Problem analysis and root cause detection

Problems in Dynatrace represent anomalies in normal behavior or state. Such anomalies can be, for example, a slow service response or user login process. Whenever a problem is detected, Dynatrace raises a specific problem event indicating such an anomaly.

Raised problems provide insight into their underlying root causes. To identify the root causes of problems, Dynatrace follows a context-aware approach that detects interdependent events across time, processes, hosts, services, applications, and both vertical and horizontal topological monitoring perspectives. Only through such a context-aware approach is it possible to pinpoint the true root causes of problems. For this reason, newly detected anomalous events in your environment won't necessarily result in the immediate raising of a new problem.

Events represent different types of individual detected anomalies, such as metric-threshold breaches, baseline degradations, or point-in-time events, such as process crashes. Dynatrace also detects and processes informational events such as new software deployments, configuration changes, and other event types.

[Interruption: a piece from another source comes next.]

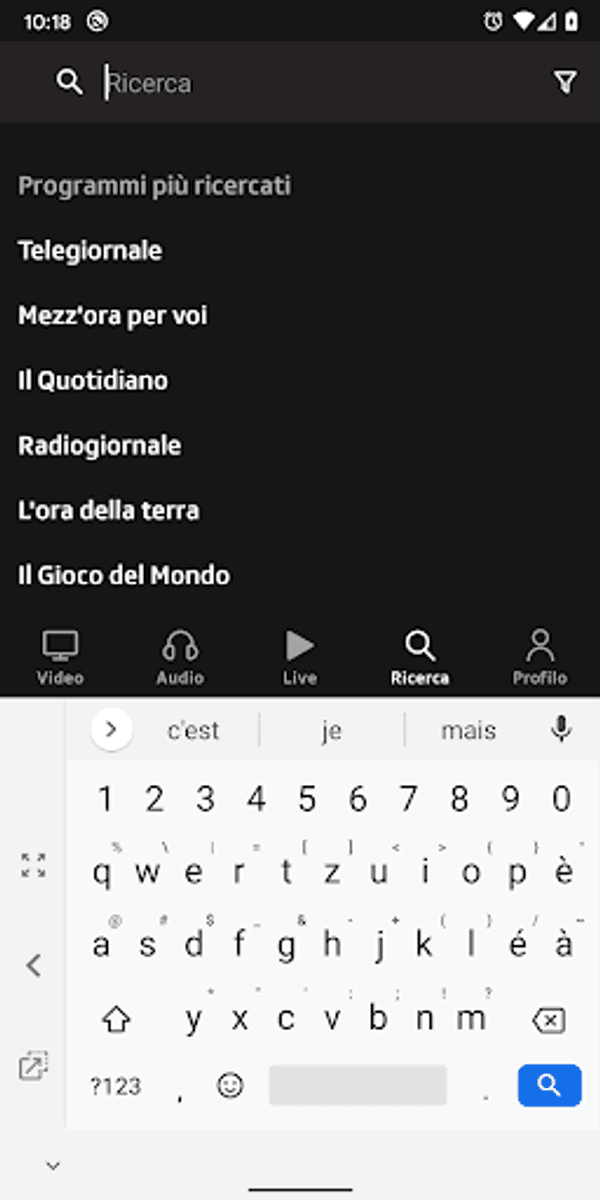 copertina Radiogiornale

A problem might result from a single event or multiple events, which is often the case in complex environments. To prevent a flood of seemingly unrelated problem alerts for related events in such environments, Dynatrace Davis® AI correlates all events that share the same root cause into a single, trackable problem. This approach prevents event and alert spamming.

Problems have defined lifespans and are updated in real-time with all incoming events and findings. Once a problem is detected, it's listed in your problems feed.

Problem detection

Dynatrace continuously measures incoming traffic levels against defined thresholds to determine when a detected slowdown or error-rate increase justifies the generation of a new problem event. Rapidly increasing response-time degradations for applications and services are evaluated based on sliding 5-minute time intervals. Slowly degrading response-time degradations are evaluated based on 15-minute time intervals.

Understanding thresholds

Dynatrace utilizes two types of thresholds:

Automated baselines: Multidimensional baselining automatically detects individual reference values that adapt over time. Automated baseline reference values are used to cope with dynamic changes within your application or service response times, error rates, and load.
Anomaly detection: Dynatrace automatically detects infrastructure-related performance anomalies such as high CPU saturation and memory outages.

The methodology used for raising events with automated baselining is completely different from anomaly detection. Anomaly detection offers a simple and straightforward approach to defining baselines that works immediately without requiring a learning period. We don't recommend host anomaly detection due to the following limitations:

Too much manual configuration is required for specific service methods or user actions.
Difficulty in setting thresholds for dynamic services.
Inability to adapt to changing environments.

The preferred automated, multidimensional baselining approach works out of the box, without manual configuration of thresholds. Most importantly, it automatically adapts to changes in traffic patterns.

Note that Dynatrace allows you to adjust the sensitivity of problem detection either by adapting the thresholds or by deviating from automated baselines.

Problem analysis

Once a problem is detected, you can directly analyze its impact on the problem's overview page. Dynatrace offers both user and business impact analysis. The problem overview page also provides root cause analysis.

Root cause analysis

To identify the root cause of a problem, Dynatrace follows a context-aware approach to detect interdependent events across time, processes, hosts, services, applications, and both vertical and horizontal topological monitoring perspectives.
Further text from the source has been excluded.